/ann-visualizer

A python library for visualizing Artificial Neural Networks (ANN)

Primary LanguagePythonMIT LicenseMIT

photo photo

ANN Visualizer

PyPI version

A great visualization python library used to work with Keras. It uses python's graphviz library to create a presentable graph of the neural network you are building.

Version 2.0 is Out!

Version 2.0 of the ann_visualizer is now released! The community demanded a CNN visualizer, so we updated our module. You can check out an example of a CNN visualization below!

Happy visualizing!

Installation

From Github

  1. Download the ann_visualizer folder from the github repository.
  2. Place the ann_visualizer folder in the same directory as your main python script.

From pip

Use the following command:

pip install ann_visualizer

Usage

from ann_visualizer.visualize import ann_viz;
#Build your model here
ann_viz(model)

Documentation

ann_viz(model, view=True, filename="network.gv", title="MyNeural Network")

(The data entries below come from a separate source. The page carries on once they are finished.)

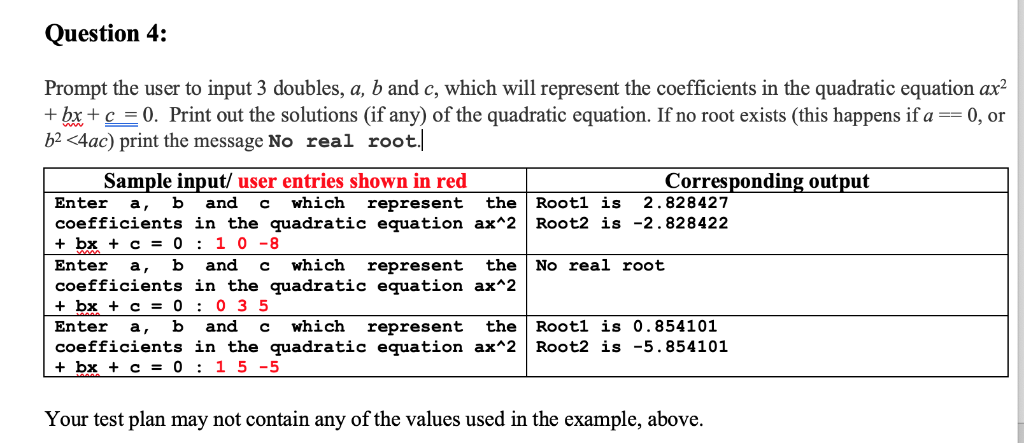Solved Question 4: Prompt the user to input 3 doubles, a, b | Chegg.com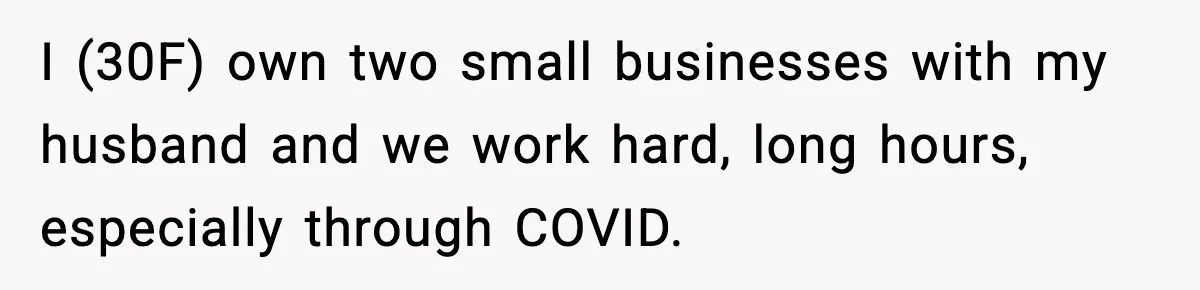 I (30F) own two small businesses with my husband and we work hard, long hours, especially through COVID.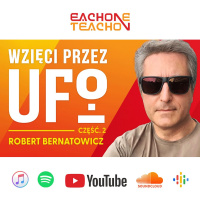 E1T1 | #237 - Niezwykłe historie kontaktów z UFO! - Robert Bernatowicz [Część 2]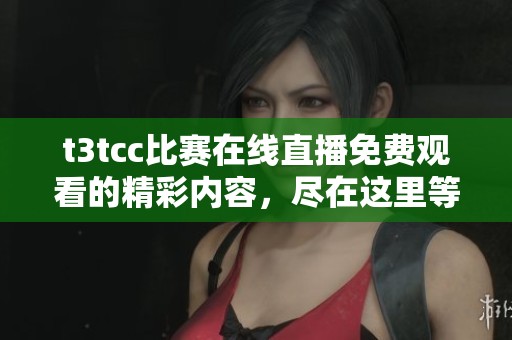t3tcc比赛在线直播免费观看的精彩内容，尽在这里等你来体验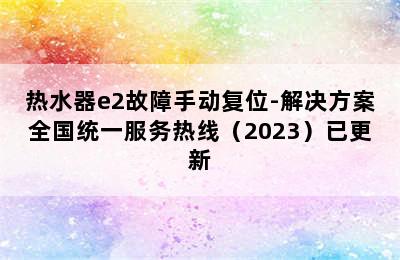 热水器e2故障手动复位-解决方案全国统一服务热线（2023）已更新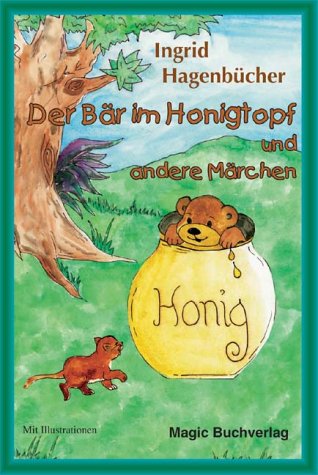 Der Bär im Honigtopf und andere Märchen Novels & Short Stories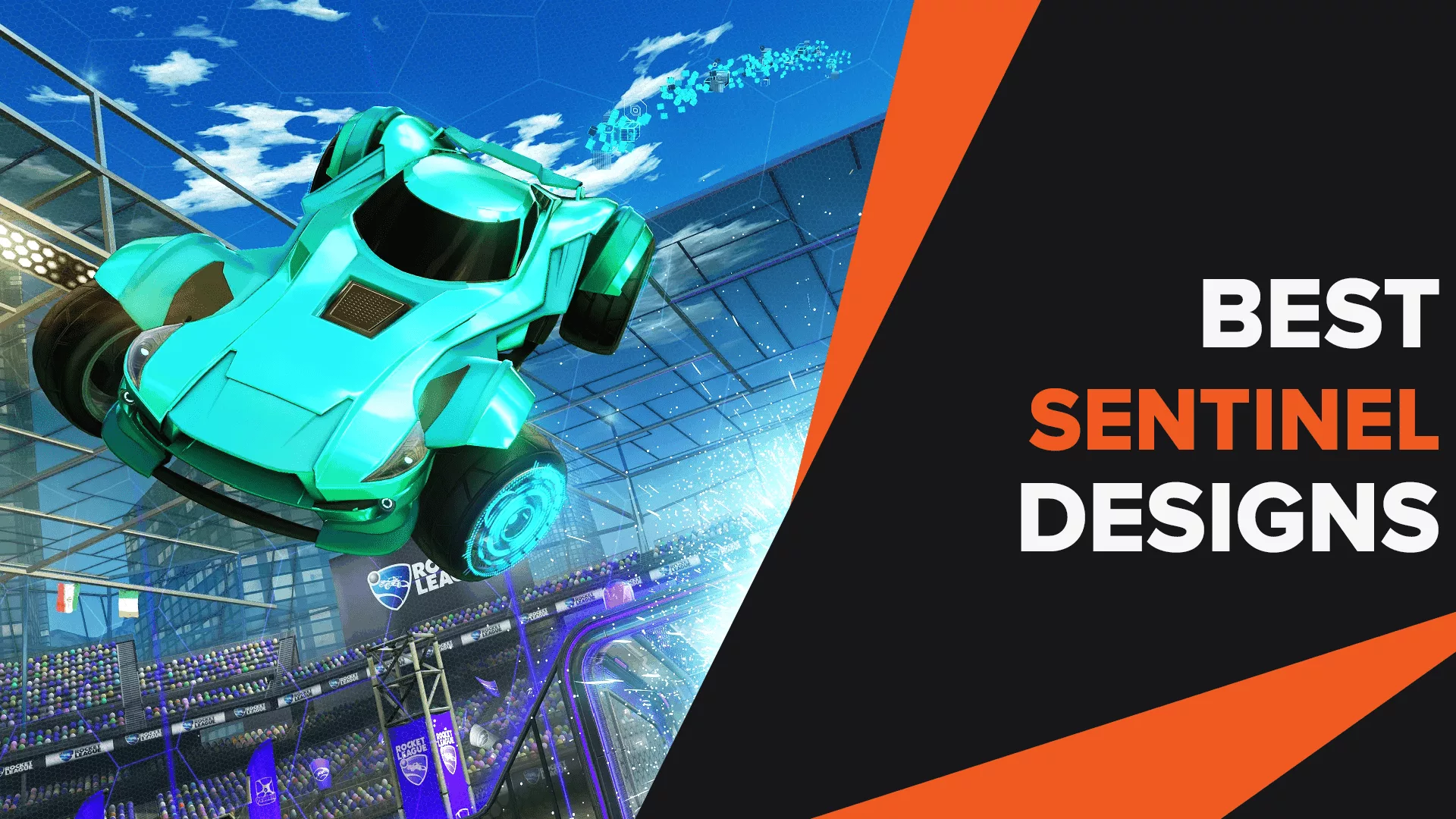 Best Sentinel Designs That Will Make Everyone Envious in Rocket League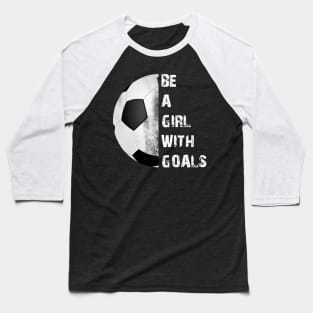 Be a Girl With Goals Baseball T-Shirt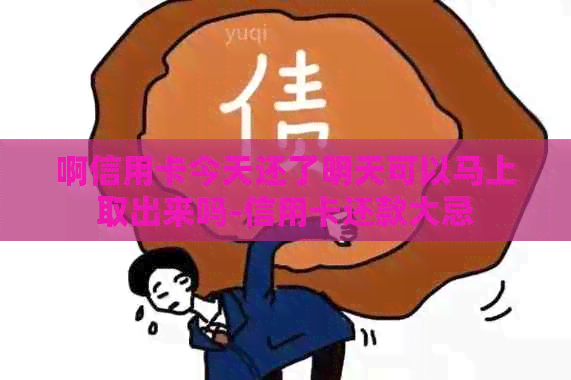 啊信用卡今天还了明天可以马上取出来吗-信用卡还款大忌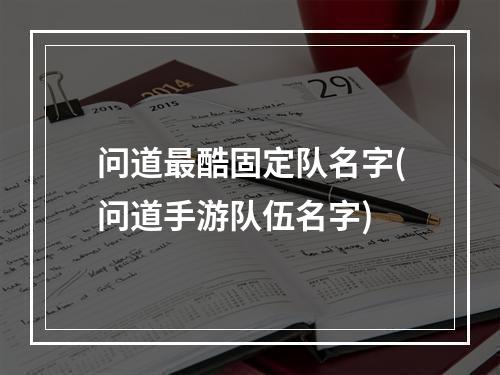 问道最酷固定队名字(问道手游队伍名字)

  • model - The Keras Sequential model
  • view - If True, it opens the graph preview after executed
  • filename - Where to save the graph. (.gv file format)
  • title - A title for the graph

Example ANN

import keras;
from keras.models import Sequential;
from keras.layers import Dense;

network = Sequential();
        #Hidden Layer#1
network.add(Dense(units=6,
                  activation='relu',
                  kernel_initializer='uniform',
                  input_dim=11));

        #Hidden Layer#2
network.add(Dense(units=6,
                  activation='relu',
                  kernel_initializer='uniform'));

        #Exit Layer
network.add(Dense(units=1,
                  activation='sigmoid',
                  kernel_initializer='uniform'));

from ann_visualizer.visualize import ann_viz;

ann_viz(network, title="");

This will output: photo

Example CNN

import keras;
from keras.models import Sequential;
from keras.layers import Dense;
from ann_visualizer.visualize import ann_viz
model = build_cnn_model()
ann_viz(model, title="")

def build_cnn_model():
  model = keras.models.Sequential()

  model.add(
      Conv2D(
          32, (3, 3),
          padding="same",
          input_shape=(32, 32, 3),
          activation="relu"))
  model.add(Dropout(0.2))

  model.add(
      Conv2D(
          32, (3, 3),
          padding="same",
          input_shape=(32, 32, 3),
          activation="relu"))
  model.add(MaxPooling2D(pool_size=(2, 2)))
  model.add(Dropout(0.2))

  model.add(
      Conv2D(
          64, (3, 3),
          padding="same",
          input_shape=(32, 32, 3),
          activation="relu"))
  model.add(Dropout(0.2))

  model.add(
      Conv2D(
          64, (3, 3),
          padding="same",
          input_shape=(32, 32, 3),
          activation="relu"))
  model.add(MaxPooling2D(pool_size=(2, 2)))
  model.add(Dropout(0.2))

  model.add(Flatten())
  model.add(Dense(512, activation="relu"))
  model.add(Dropout(0.2))

  model.add(Dense(10, activation="softmax"))

  return model

This will output: photo

Contributions

This library is still unstable. Please report all bug to the issues section. It is currently tested with python3.5, but it should run just fine on any python3.